Critical stumbles and other reasons why I laughed so hard milk came out my nose.

July 22, 2009

In his new biography of former New Zealand prime minister Helen Clark, Wellington journalist Dennis Welch notes that Kiwis “don’t understand humour.”

Whew! For a minute there I thought there was something wrong with me.

Humour, of course, is subjective. What tickles one person’s funny bone doesn’t necessarily turn someone else’s crank. My children, for instance, practically pee themselves at the mere thought of their father falling down. Me, not so much.

I like to think I laugh easily but I also appreciate a dollop of wit with my funny business. I’m not big on moronic, pie-in-the-face antics but a good double entendre always gets my juices flowing. As it were.

I consider the writers of Two and a Half Men to be masters of the double entendre, even if they do at times stray into the pie-faced territory of the single entendre.

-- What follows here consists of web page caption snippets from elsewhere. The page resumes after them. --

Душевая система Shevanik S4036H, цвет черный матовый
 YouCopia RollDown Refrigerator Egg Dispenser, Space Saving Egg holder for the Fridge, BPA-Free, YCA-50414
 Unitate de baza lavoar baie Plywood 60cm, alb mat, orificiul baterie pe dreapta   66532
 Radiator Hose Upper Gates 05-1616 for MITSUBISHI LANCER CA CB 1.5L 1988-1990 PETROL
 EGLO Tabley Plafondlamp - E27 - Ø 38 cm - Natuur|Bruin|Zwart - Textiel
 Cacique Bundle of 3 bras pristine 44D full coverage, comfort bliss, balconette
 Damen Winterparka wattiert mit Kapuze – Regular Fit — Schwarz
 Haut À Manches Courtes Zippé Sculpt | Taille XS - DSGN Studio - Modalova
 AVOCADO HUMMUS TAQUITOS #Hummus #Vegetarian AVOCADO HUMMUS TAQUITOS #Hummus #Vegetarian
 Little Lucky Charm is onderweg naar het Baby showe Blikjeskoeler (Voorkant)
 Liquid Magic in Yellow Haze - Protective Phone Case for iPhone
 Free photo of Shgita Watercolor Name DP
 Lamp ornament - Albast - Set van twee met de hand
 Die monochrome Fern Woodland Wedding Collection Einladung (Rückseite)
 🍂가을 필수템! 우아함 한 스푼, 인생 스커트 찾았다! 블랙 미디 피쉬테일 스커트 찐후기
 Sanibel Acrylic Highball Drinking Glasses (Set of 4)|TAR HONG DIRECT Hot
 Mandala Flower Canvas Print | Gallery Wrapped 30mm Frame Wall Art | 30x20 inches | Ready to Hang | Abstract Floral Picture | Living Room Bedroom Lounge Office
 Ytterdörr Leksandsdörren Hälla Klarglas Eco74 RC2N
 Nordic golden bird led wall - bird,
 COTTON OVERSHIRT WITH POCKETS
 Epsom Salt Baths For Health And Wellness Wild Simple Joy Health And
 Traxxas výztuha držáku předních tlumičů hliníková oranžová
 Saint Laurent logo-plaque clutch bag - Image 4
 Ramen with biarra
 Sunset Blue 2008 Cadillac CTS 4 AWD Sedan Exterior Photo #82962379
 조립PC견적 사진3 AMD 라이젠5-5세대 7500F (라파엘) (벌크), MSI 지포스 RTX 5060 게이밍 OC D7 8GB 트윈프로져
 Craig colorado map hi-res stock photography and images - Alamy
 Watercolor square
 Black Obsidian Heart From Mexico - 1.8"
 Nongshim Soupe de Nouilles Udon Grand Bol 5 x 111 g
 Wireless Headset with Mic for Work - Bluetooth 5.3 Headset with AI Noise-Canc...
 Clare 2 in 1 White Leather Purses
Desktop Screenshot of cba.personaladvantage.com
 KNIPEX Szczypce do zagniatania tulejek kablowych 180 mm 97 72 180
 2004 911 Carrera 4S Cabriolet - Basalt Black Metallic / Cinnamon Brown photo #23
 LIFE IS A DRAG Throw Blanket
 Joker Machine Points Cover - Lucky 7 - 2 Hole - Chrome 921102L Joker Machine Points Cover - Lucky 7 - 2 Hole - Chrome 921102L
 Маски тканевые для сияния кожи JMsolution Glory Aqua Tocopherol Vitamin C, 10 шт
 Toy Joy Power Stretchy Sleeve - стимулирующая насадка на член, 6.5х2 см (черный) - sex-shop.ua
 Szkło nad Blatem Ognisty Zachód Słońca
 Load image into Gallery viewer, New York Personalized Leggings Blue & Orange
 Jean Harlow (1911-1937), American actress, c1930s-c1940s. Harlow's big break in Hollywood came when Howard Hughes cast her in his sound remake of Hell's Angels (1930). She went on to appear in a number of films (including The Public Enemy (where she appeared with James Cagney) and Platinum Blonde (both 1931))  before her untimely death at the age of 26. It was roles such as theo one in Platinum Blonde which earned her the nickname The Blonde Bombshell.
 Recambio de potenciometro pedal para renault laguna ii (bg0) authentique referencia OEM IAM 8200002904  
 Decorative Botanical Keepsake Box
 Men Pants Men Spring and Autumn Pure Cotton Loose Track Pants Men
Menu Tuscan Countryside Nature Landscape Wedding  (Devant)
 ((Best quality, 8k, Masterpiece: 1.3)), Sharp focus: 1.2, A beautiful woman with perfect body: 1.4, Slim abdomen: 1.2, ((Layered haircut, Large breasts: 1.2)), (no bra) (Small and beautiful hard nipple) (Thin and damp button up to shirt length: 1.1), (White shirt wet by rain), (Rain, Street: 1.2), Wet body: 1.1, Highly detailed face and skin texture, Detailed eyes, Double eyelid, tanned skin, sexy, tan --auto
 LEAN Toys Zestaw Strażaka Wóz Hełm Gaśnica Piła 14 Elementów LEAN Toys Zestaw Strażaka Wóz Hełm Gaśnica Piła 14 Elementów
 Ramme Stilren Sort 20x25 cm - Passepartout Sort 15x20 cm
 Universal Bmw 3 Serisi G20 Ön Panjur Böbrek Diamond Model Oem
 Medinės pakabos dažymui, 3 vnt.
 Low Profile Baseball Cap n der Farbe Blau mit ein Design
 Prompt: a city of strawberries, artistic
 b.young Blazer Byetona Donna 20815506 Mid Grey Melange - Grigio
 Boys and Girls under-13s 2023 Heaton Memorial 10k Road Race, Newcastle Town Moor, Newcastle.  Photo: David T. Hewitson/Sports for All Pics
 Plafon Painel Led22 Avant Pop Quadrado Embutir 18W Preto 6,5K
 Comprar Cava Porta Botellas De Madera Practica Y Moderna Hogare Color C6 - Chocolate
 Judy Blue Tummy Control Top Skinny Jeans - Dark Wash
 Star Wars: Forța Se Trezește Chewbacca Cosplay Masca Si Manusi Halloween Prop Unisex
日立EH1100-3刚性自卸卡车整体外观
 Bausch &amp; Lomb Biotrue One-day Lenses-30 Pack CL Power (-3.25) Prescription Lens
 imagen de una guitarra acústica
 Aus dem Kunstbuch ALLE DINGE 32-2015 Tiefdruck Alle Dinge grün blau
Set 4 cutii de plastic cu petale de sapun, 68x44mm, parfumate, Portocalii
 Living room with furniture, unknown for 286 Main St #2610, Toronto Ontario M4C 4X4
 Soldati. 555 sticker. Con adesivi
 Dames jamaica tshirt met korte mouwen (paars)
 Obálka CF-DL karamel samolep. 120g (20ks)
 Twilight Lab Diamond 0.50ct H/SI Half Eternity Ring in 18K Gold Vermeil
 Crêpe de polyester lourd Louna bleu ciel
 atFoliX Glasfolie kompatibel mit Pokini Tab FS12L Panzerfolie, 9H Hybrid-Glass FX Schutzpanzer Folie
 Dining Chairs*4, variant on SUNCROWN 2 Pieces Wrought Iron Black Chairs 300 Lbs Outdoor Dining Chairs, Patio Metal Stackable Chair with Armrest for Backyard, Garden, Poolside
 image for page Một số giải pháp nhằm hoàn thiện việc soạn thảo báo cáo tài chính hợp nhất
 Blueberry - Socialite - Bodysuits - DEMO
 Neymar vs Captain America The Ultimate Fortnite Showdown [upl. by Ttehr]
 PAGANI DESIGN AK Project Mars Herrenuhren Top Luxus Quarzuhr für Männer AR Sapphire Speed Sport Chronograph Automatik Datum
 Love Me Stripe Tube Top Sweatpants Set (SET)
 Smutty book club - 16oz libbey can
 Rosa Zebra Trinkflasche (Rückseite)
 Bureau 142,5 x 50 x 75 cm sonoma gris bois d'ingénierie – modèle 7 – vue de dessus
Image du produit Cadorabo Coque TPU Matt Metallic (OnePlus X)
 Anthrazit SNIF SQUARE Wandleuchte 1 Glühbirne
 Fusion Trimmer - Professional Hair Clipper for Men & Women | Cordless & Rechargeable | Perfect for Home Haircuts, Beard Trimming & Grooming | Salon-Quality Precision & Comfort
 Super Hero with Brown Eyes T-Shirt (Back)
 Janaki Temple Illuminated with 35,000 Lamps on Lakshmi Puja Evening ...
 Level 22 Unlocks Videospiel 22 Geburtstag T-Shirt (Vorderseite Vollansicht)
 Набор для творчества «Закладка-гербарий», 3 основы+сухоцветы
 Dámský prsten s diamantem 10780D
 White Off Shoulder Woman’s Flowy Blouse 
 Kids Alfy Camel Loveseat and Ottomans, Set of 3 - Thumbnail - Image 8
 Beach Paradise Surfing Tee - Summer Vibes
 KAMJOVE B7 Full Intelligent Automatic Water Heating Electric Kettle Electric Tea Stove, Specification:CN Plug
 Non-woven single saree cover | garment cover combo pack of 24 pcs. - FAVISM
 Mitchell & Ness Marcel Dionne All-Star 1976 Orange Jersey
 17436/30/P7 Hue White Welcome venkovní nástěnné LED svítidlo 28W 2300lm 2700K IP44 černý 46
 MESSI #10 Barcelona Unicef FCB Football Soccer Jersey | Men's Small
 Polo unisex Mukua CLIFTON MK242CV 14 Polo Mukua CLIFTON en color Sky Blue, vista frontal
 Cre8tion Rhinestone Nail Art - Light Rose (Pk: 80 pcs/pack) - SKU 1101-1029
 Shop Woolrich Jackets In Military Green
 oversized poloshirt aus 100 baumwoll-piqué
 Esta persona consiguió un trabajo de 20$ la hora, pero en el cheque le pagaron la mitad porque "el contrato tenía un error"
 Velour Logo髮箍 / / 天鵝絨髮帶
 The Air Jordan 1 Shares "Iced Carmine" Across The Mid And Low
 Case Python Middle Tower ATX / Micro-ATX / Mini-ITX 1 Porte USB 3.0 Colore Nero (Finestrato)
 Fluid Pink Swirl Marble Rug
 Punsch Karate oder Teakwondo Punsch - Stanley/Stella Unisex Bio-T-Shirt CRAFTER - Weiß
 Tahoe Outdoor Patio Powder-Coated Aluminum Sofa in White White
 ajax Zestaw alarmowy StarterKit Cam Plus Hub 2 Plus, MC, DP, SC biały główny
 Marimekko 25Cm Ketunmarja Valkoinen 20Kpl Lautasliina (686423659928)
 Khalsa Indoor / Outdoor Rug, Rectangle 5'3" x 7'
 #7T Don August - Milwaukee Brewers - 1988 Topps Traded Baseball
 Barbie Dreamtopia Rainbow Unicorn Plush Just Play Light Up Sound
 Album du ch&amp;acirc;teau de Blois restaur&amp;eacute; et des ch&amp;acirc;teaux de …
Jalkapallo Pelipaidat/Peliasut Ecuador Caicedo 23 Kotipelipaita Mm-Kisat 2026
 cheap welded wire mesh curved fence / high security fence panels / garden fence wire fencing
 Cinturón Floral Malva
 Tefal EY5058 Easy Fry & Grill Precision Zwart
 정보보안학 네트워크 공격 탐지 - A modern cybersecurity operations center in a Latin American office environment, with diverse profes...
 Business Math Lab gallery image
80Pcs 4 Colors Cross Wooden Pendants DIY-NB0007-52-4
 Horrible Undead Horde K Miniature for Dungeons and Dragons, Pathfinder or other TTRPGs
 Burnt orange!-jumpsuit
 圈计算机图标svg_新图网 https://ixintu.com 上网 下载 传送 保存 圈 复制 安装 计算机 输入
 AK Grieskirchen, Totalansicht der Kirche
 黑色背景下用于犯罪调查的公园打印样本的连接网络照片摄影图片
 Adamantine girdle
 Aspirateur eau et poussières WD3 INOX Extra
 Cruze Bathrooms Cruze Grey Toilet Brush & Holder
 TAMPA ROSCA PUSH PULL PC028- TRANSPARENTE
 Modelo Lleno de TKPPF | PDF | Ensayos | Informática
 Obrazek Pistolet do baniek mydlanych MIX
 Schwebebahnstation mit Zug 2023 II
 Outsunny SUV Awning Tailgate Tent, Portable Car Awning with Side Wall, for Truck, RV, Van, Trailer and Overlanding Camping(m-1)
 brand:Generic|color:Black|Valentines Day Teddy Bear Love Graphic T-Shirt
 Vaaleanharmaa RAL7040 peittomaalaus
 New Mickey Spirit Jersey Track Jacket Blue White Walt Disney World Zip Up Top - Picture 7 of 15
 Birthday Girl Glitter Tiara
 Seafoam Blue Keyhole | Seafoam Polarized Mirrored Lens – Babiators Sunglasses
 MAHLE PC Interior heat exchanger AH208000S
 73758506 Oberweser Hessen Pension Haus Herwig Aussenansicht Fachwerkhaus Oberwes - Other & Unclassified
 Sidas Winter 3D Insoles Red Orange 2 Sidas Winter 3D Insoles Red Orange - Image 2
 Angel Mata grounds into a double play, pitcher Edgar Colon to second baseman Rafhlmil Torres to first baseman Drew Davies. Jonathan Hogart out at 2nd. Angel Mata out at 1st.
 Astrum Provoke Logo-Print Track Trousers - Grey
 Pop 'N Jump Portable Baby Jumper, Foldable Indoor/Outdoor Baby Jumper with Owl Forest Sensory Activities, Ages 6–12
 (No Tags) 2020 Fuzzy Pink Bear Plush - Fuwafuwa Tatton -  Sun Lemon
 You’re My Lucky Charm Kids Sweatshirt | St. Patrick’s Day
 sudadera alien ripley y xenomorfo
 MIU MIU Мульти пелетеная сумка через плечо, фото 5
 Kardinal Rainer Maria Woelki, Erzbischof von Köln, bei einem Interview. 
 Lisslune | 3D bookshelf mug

And then I read this in the July 2 issue of the New Zealand Herald’s TimeOut section:

“We’ve yet to meet a single person who will admit to watching Two and a Half Men, yet every week it tops the country’s ratings for the 18-39 market . . . Who are these people and why are you watching this rubbish?”

No one puts their bylines on these kinds of editorial blurts, so I wasn’t sure where to target my wrath. And then I read Welch’s comment and realized, hey, the writer is a Kiwi.

And they just don’t get it.

An Aussie falling down? Hee-larry-ous. Someone talking about eating a woman’s carpet? Huh?

Actually, it goes deeper than that. The writer is a * trumpet fanfare * critic for a TV section. The writer — drumroll, please — needs to be “critical.” And by that I mean controversial. And by that I mean, “hey, look at me!”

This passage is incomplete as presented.